Sensory deprivation’s impact on microglia morphology. A Iba-1+ microglia from a P30 animal (A) has a small cell body with spindly processes. In contrast, following 30 days of whisker trimming the cell body enlarges and the processes retract (B). Following 30 days of whisker regrowth P60 microglia are indistinguishable (C, D). See Figure 8 for quantification.

Figure 8.

Sensory deprivation impacts microglial morphology. Comparison between reconstructed barrel cortex layer IV microglial cells in the P30 nondeprived cortex (P30 control, A) and sensory deprived barrel cortex animals (P30 trim, B) showed increased cell body size and retraction of processes following trimming. Following sensory restoration the control (C) and regrow group (D) did not differ from each other. All scale bars show 10 μm. Sensory deprivation did not alter the number of processes across all groups. (E), but a statistical decrease in the process length (F) was observed as well as an increase in the number of processes ends between treatment groups and respective controls (G). Concomitantly with these changes, a statistical increase was observed in the size of the cell body (μm) in the sensory deprived microglia (P30 trim) compared with control P30 mice (H).
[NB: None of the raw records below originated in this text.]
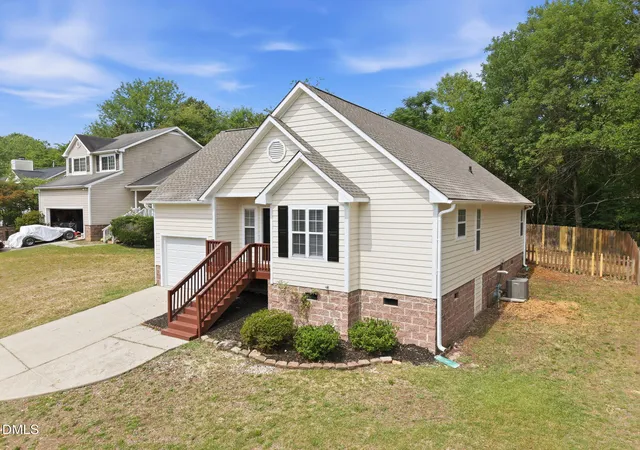 Photo 3 of Single family home for sale at 219 Carroll St, Wake Forest, NC 27587 | MLS# 10172653 | Listing updated on 2026-09-24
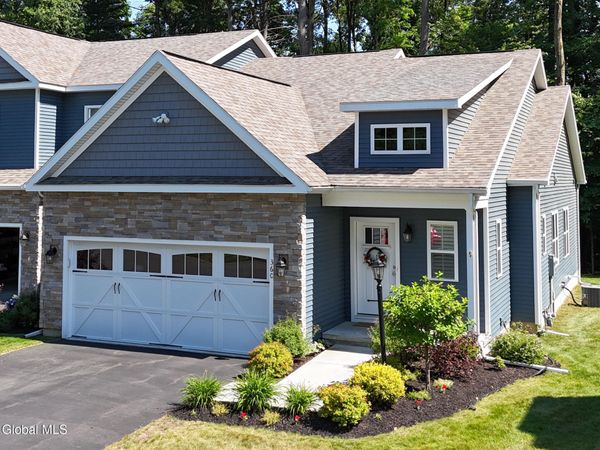 36C Idared Lane, Clifton Park, NY 12065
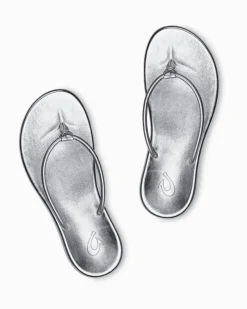 Tommy Bahama Women's OluKai® Huawai Sandals Silver Outlet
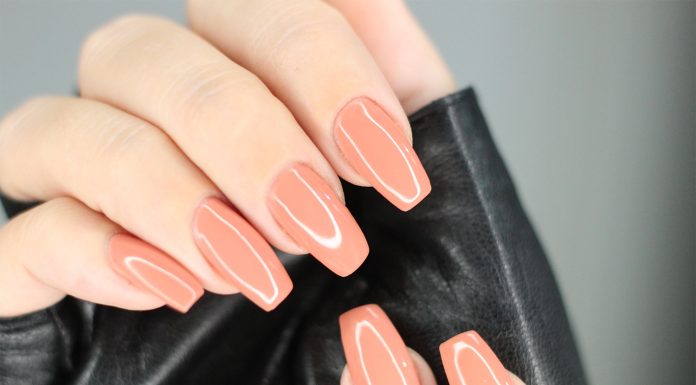 Care sunt cele mai frumoase unghii cu gel din acest sezon?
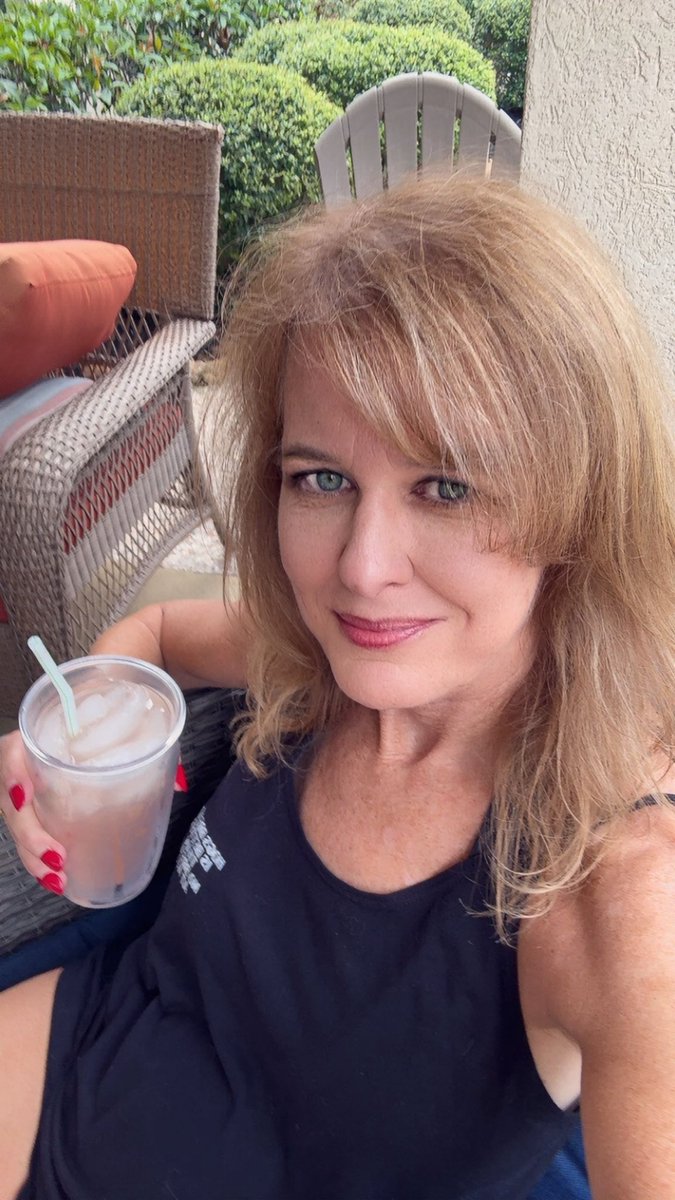 LGLegs's tweet photo. I’m haven’t had a cocktail since Sunday but today, it’s time 😁 Cheers to you X fam ❤️🍹
*Titos and strawberry lemonade https://t.co/WXI2xOHWqq
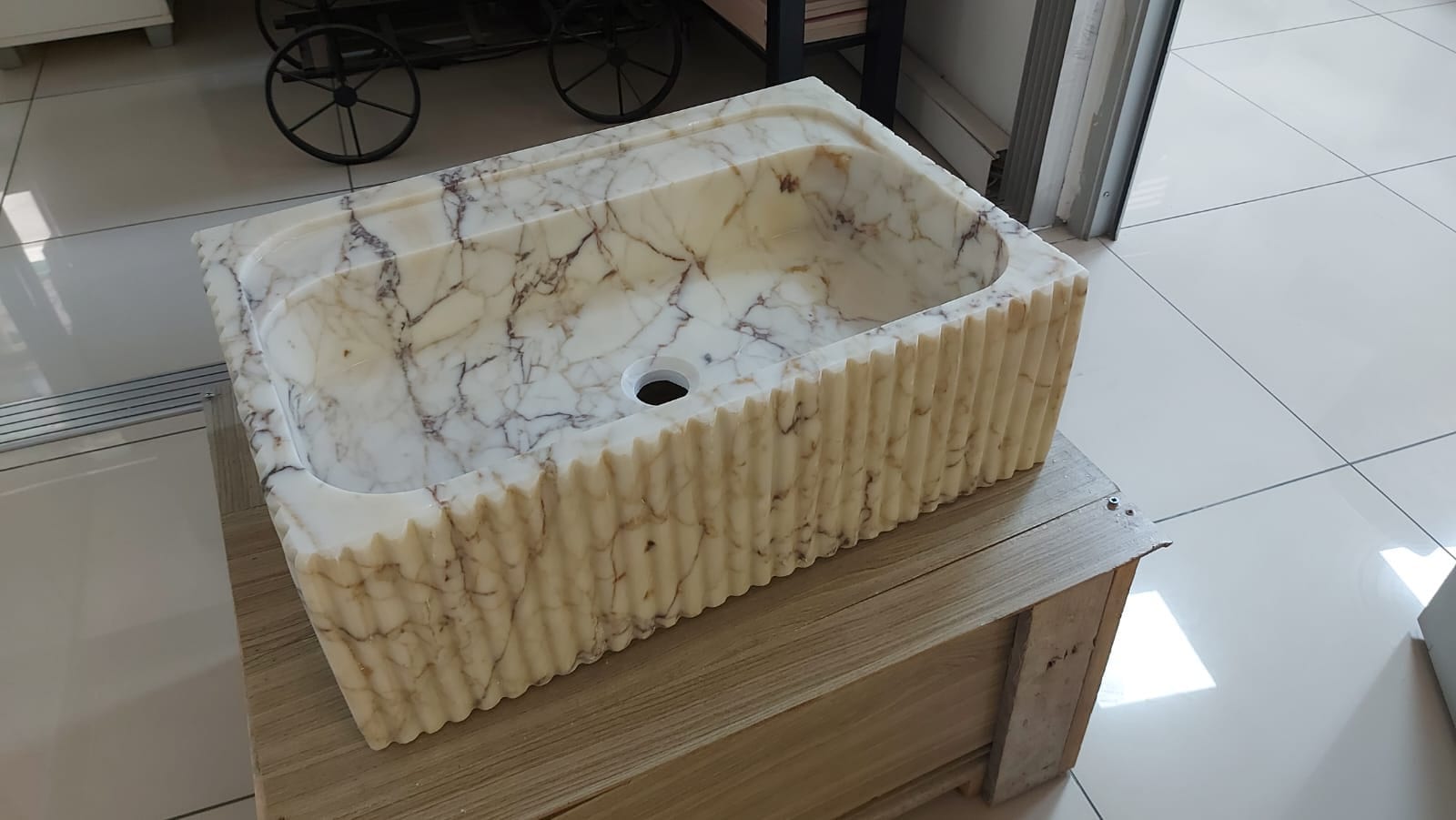 Calacatta Viola Marble Wall Mount Sink: Bathroom Powder Room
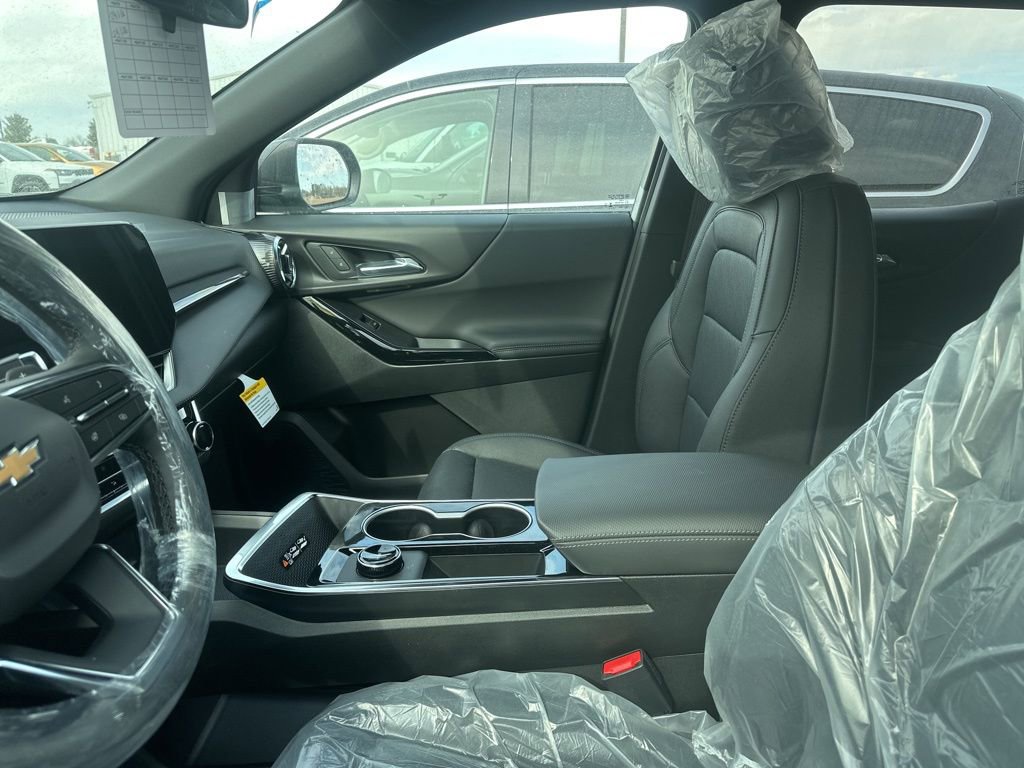 New 2026 Chevrolet Equinox LT image 5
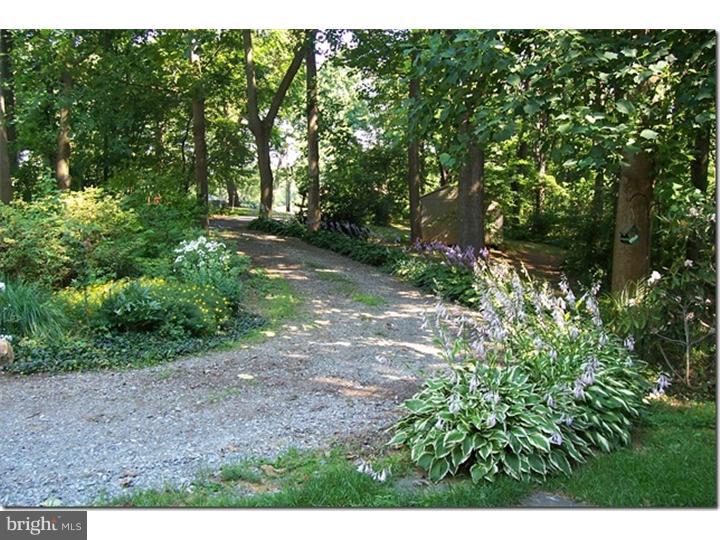 15 Randy Lane Cochranville, PA 19330 - Photo 23 of 25 Driveway
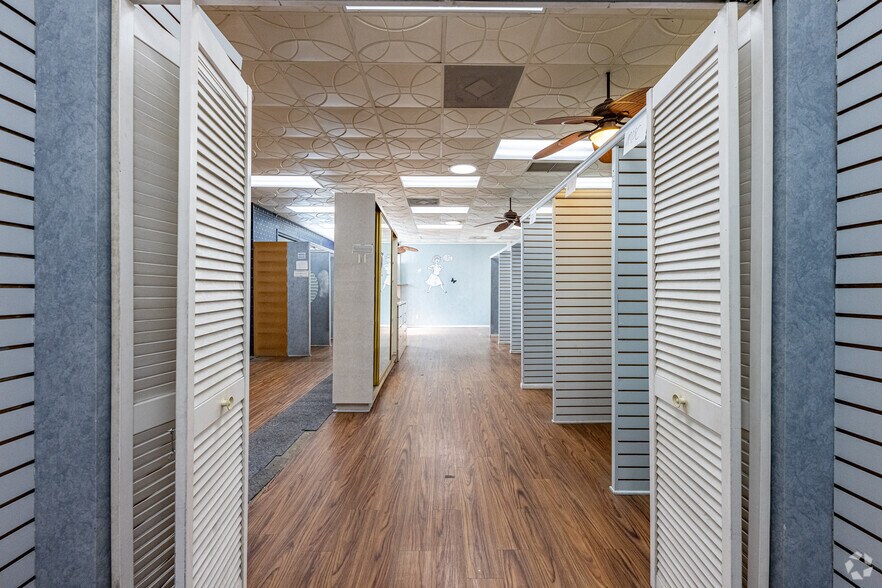 More Photos Of 1530 S Myrtle Ave, Monrovia Freestanding For Sale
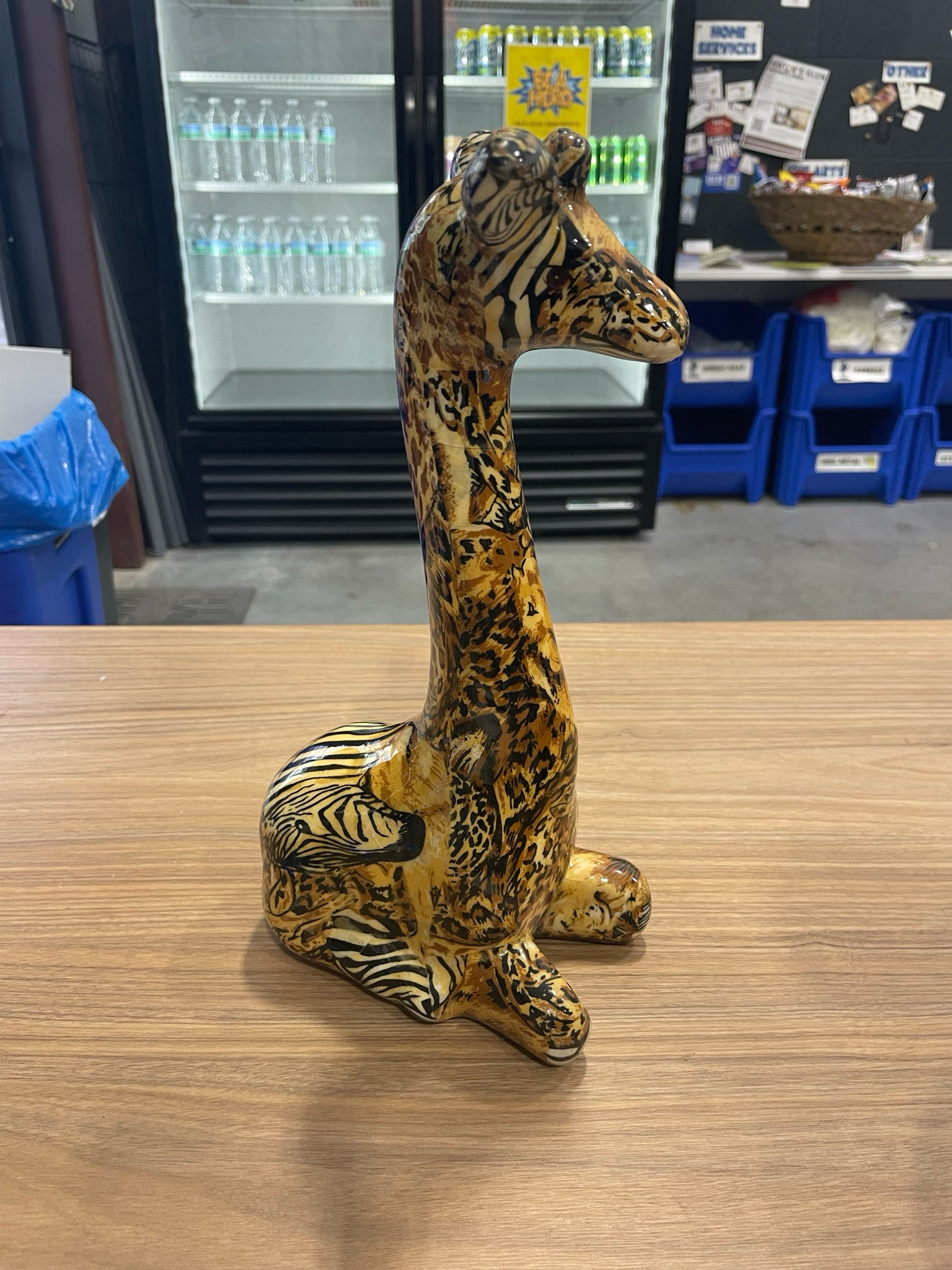 La Vie Safari Collection Giraffe Figurine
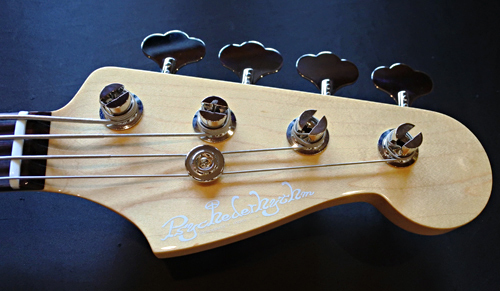 埼玉県・高瀬さんオーダーの「Modern J-Bass」が完成!!_e0053731_16295026.jpg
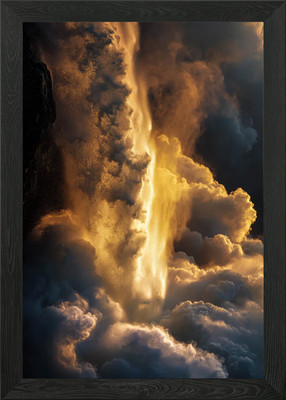 Goldener Wasserfall inmitten Wolken gerahmtes Wandbild Poster Leinwanddruck Bild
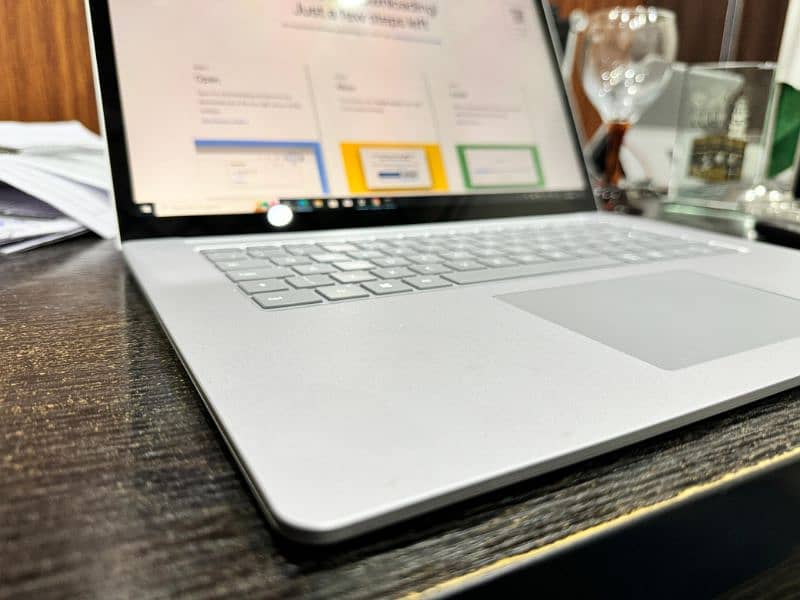 Microsoft Surface laptop 3 15inch 4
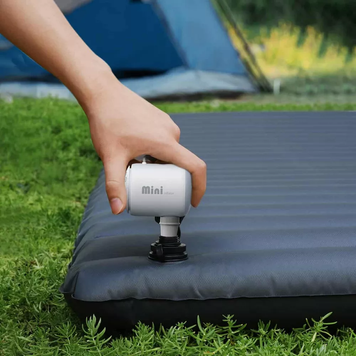 Компактний універсальний насос з ліхтариком Baseus PocketGo Portable Air Pump 1600mAh C11157700221-00 фото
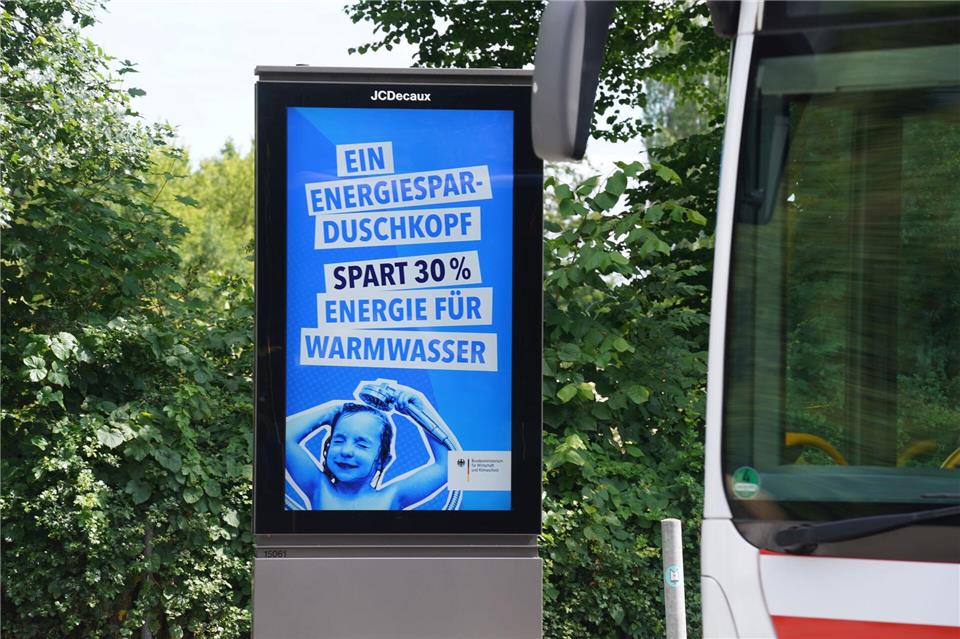 Hamburg hat die Rechte für die Werbung im städtischen Raum neu vergeben. (Archivbild)Marcus Brandt/dpa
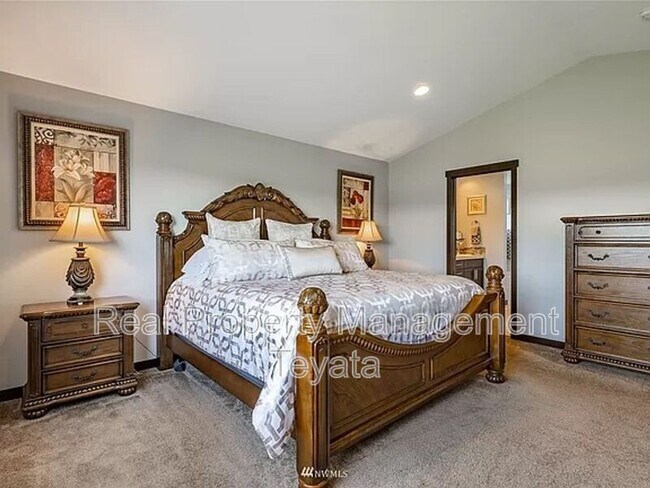 Building Photo - 4352 Castlerock Dr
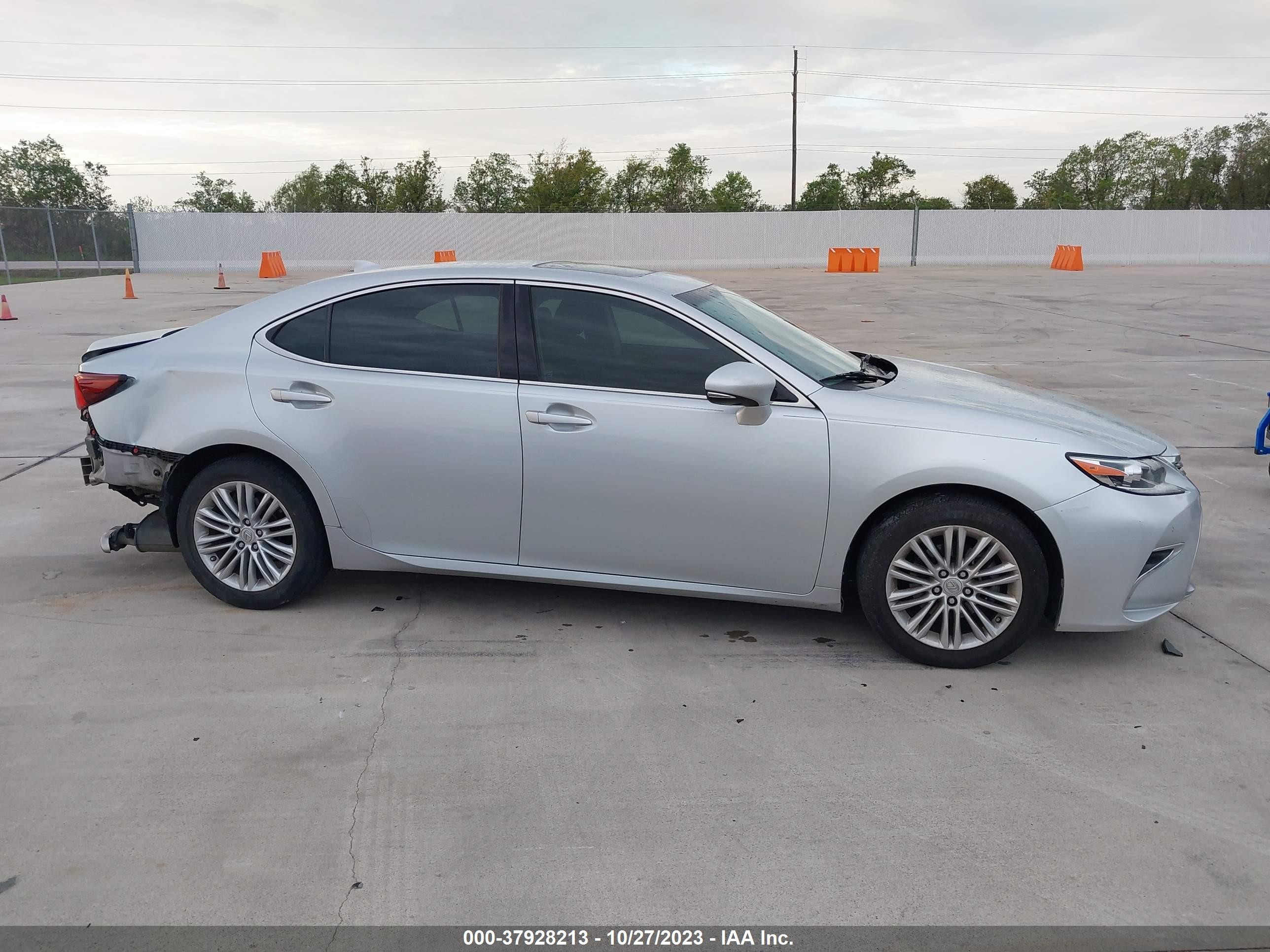 Photo 13 VIN: 58ABK1GG4GU002336 - LEXUS ES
For the box and whisker plots the solid black lines represent population medians, whereas the dotted white lines represent population means. Error bars indicate standard error of the mean (SEM). Asterisks indicates statistical significance for all pair-wise comparisons following rank-based ANOVA (p<0.05).

Figure 9.

Microglia surface receptor expression following sensory deprivation: Sample confocal images from a sensory deprived (Row A) and a control (Row B) animal. Number of total cells in a z-stack was determined from Hoechst staining (blue, A1, B1). All microglia were labeled with Iba-1 (magenta, A2, B2), and a smaller proportion were also immunoreactive for MHC-II (green, A3, B3). The images show ramified microglia with small somas and many branched processes. The overlay of all the channels shows colocalization between Iba-1+ and MHC-II+ cells (indicated with asterisks) (A4, B4) and Iba-1+ microglia that do not express MHC-II are indicated with arrows. Scale bar (25 μm) is the same for all panels. Neither the overall microglia density (as measured by Iba-1+ cells) nor activated microglia density (as measured by MHC-II+ cells) change significantly following one month of sensory deprivation (C). The relative proportion of MHC-II+ microglia did not change as a result of sensory deprivation (D). Bar charts plot population means and one SEM.